Today I was talking about what kind of person we fall for.
I was eating breakfast, perhaps even early lunch.
Or we were just sitting at the dining table.
It could all be possible.
‘What is your type?’ I asked the person sitting right to me.
‘Or do you like girls?’
I didn’t say anything further than that.
There was a little bit of time between the first and second question.
I don’t know if it was a hesitation, but it was just enough time for me to ask another question.
A filling of space in the time provided.
I believe it was the right question to ask, before asking what the type he was falling for.
And I think that was the reason there was time in between the answers, because he couldn’t start there.
It was necessary to understand first which category we were looking at.
And then he said that he thinks they can be beautiful.
A confirmation he was falling for guys.
Only.
‘I think girls are not ugly’, was my response.
Not that he was asking, but just something that slipped through my mouth.
An expression that wanted to come out, I guess.
And while I was saying this, I was perplexed by my own words.
It sounded quite negative, however that was not my intention.

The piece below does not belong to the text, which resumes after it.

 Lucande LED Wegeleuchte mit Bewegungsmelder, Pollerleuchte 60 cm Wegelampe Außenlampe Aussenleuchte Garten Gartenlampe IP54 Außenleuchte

Talking can be a bit hard sometimes.
Just being compassionate here about the situation I created somehow.
I was able to explain what I meant.
Shortly after I ended my sentence I said : ‘I am not attracted to girls, so this is what I was saying it like that’.

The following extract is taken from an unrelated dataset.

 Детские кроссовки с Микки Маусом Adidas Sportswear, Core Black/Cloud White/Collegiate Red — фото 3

The silence in the room disappeared and we talked a bit more about the person we are falling for.
At least what we are thinking about that moment of time.

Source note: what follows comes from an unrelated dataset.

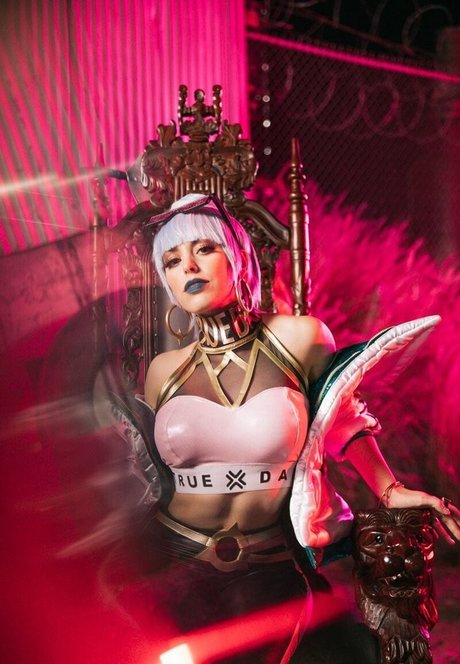 Nadyasonika estrella porno adulto fotos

I mean, all can change and how it is we feel about that.
And while we were telling each other what kind of men we were thinking of, that we could fall for.
I was thinking at the same time about a story I once already wrote that had the same kind of subject.
The title of the story is ‘Is being hot an attraction to fall in love with?’
To assure you, none of us three named hot as a type that we would fall for.
Perhaps just something I needed to write down.
But I was wondering why it was that I was having sort of the same kind of conversation from the first time I heard this kind of question.
And that is why I decided to write a short story about it.
Because to have the same kind of conversation is not only to see where you are at a different time and space.
But the expression of all of that is a clearance of the heart.
To be clear, we are still looking for love.
Still on the go, to find that something special.
What we are hoping and dreaming of with all of our heart.
Which is healthy in its essence.
At least something I believe in.
And that is where I am leaving it for today.